Sharan Burrow, secrétaire générale de la Confédération syndicale internationale (CSI) a fait état de pressions croissantes de la part de la communauté internationale. Les gouvernements, les organisations des droits humains et la FIFA ont lancé un appel unanime en faveur du respect des droits humains fondamentaux et l’abolition du système d’immigration par parrainage ou kafala.
« Le choix est facile à faire pour le gouvernement du Qatar ; ce qui laisse perplexe c’est pourquoi ils ne le font pas ? Qu’il s’agisse de professionnels qualifiés ou d’ouvriers pauvres, les témoignages sont les mêmes ; arrivés au Qatar pleins d’optimisme et de bonne volonté, ils se voient basculer dans le désespoir lorsque leurs employeurs décident qu’ils sont remplaçables à souhait et refusent de leur payer leurs salaires, les congédient sans motif ou refusent de signer leur visa de sortie.
« Nous avons encore une fois offert notre soutien envers le changement mais le gouvernement doit s’engager à faire respecter les droits des travailleurs », a déclaré la secrétaire générale de la CSI, Sharan Burrow.

La délégation soumettra ses conclusions aux gouvernements de l’Australie, de l’Autriche, du Danemark et de la Grande-Bretagne, de même qu’à l’Organisation internationale du travail, à la FIFA et au Rapporteur de l’ONU sur les droits de l’homme.

Au cours de leur visite de quatre jours, les onze membres de la délégation syndicale internationale ont recueilli des témoignages de travailleurs et ont été profondément troublés par le nombre croissant de femmes et d’enfants enfermés dans des centres de détention et le mécontentement et l’agitation grandissants parmi les ouvriers qui vivent confinés dans des camps de travail sordides.

« Si nous avons salué l’échappée du Qatar cette semaine du footballer professionnel Zahir Bellounis, nous constatons néanmoins que des cas comme celui de Mahmoud Bouneb et de son épouse Malika Alouane qui, à l’origine, avaient eux aussi été invités par le Qatar pour finalement se retrouver sur la paille sans obtenir ni les prestations qui leurs étaient dues ni leur visa de sortie sont légion.

« Leur désespoir n’est que multiplié lorsque vous vous rendez dans les camps de travail et entendez les témoignages horripilants des travailleurs les plus pauvres et les plus démunis forcés de vivre dans la misère la plus noire », a déclaré Sharan Burrow.

« Ce que nous avons vu cette semaine peut être résumé comme l’antithèse absolue de ce qui constituerait un système approprié pour les travailleuses et travailleurs à l’échelle mondiale, à savoir : Respect des droits humains et des droits des travailleurs ; bonne foi et respectabilité internationale ; ou encore une productivité fondée sur la loyauté et l’efficacité.

« Les entreprises internationales doivent être sur le qui-vive face au risque que représente pour leur réputation le fait de commercer avec la Qatar en l’absence du respect des droits des travailleurs.

« La FIFA a appelé à des améliorations eu égard aux normes fondamentales de l’OIT et à l’abolition du système de la kafala.

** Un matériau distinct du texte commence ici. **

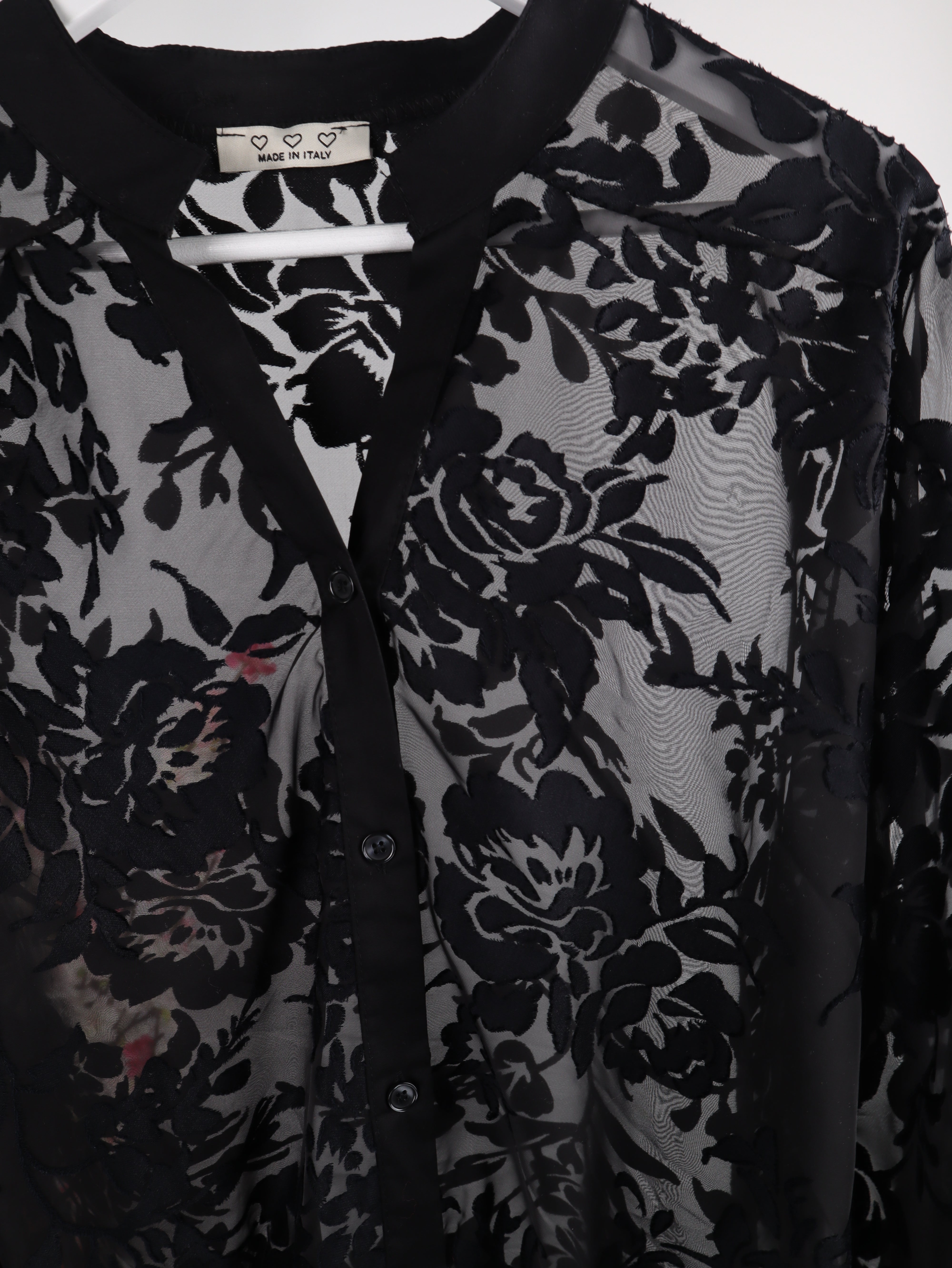 Transparente Oversize-Bluse mit floralem Muster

Un rapport de la FIFA est attendu en mars 2014. En attendant, nous ne pouvons qu’espérer que le gouvernement du Qatar fera le bon choix », a indiqué Sharan Burrow.

Selon la CSI, 4000 travailleurs risquent de perdre la vie avant le coup d’envoi de la Coupe du monde de 2022 si le Qatar n’introduit pas des réformes et ne respecte pas les normes internationales du travail.